Their song amused me. It was a madness of strings and passion; an angry little rant against the religious and political structures so stifling to the freedom of thought the lyricist so clearly believed in, dressed in the metaphorical guise of the tale of the poor residents of Hamelin.

I stepped back from the crowd, feeling their energy as they cheered, crowded around the stage that had been set-up in the corner of the small cafĂ©. There was joy here, and perhaps some misunderstanding. Wordplay has always been a hallmark of the political, cleverly disguising the real messages in plain view.
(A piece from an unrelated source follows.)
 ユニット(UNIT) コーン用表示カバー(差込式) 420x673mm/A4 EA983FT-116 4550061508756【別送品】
The nuances of the message were probably lost on half the group, absorbed and ignored as part of the musical experience, but music itself has always been a message. We speak in code to share what we mean with plausible deniability so as to avoid repercussions should the powers in charge decide they don’t like what we have to say.

I nodded to the barista/bartender as I stepped through the door and out into the summer night air. It was early by most standards, the bars and clubs were barely half an hour past opening for the night, but it was peaceful as far as my eye could see. The moon hung on the very cusp of being full, a fat, white, perfectly round maggot marring the perfect darkness of the night sky. As if from nowhere I pulled out my trusty pipe and played a soft little tune, echoing and playing with the song I’d so recently heard.
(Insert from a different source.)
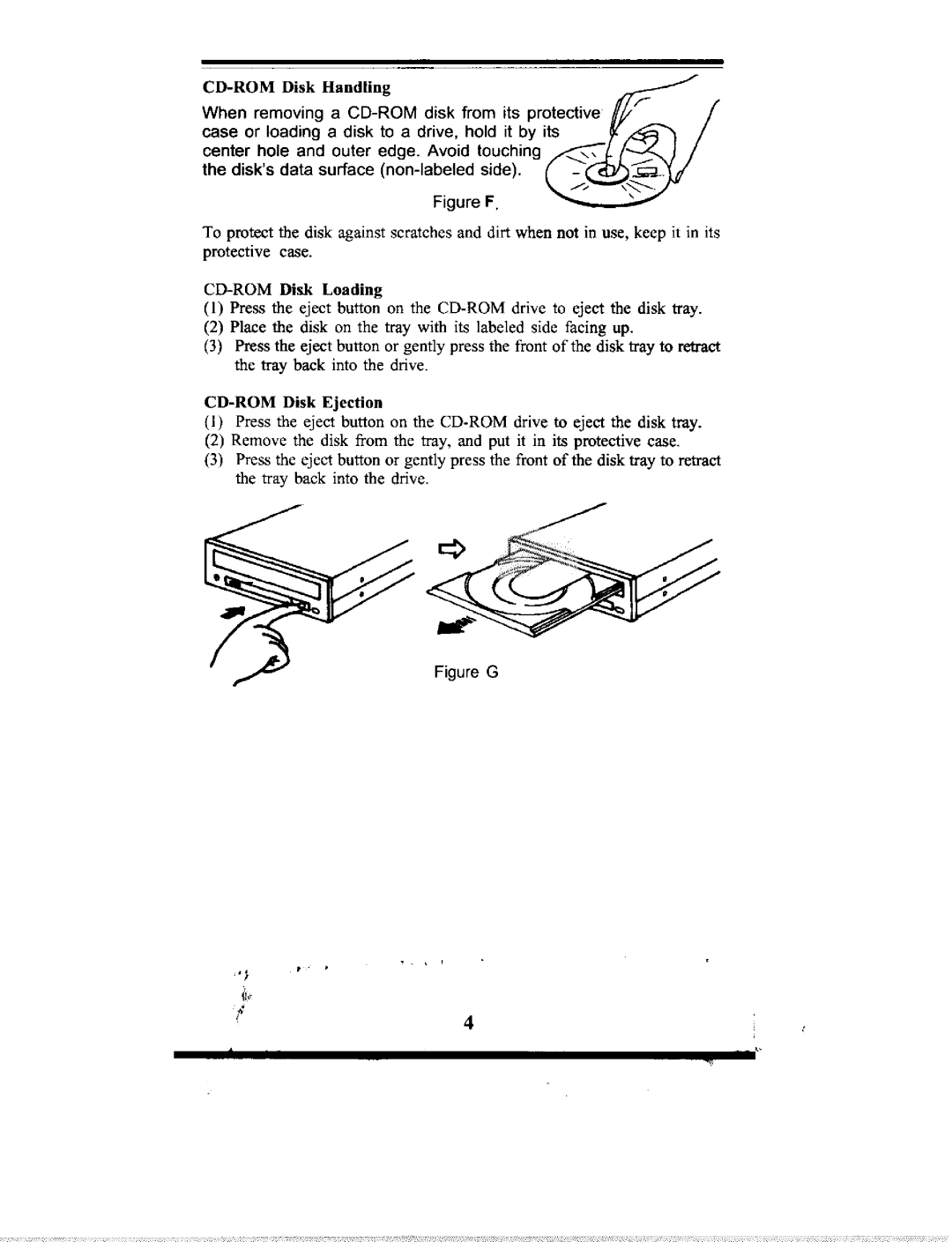 Teac CD58E manual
At my call, they stirred from their hiding places. Thousands of beady little eyes looked on from the shadows, drawn to the sound of my pipe. They knew this sound as surely as they knew the scent of the discarded sandwich in the dumpster behind the Starbucks. It was ingrained in their little rodent brains the way sweet-looking forest fauna instinctively know the song of the helpless princess as she waits for her prince charming whilst lost in their tree-filled home.

With a hop in my step and a half dance, we twirled our way down the urban streets as I led the unwitting rats somewhere far removed from their metropolitan love-nests. Who knew I’d still be in the business of pest control after all these years?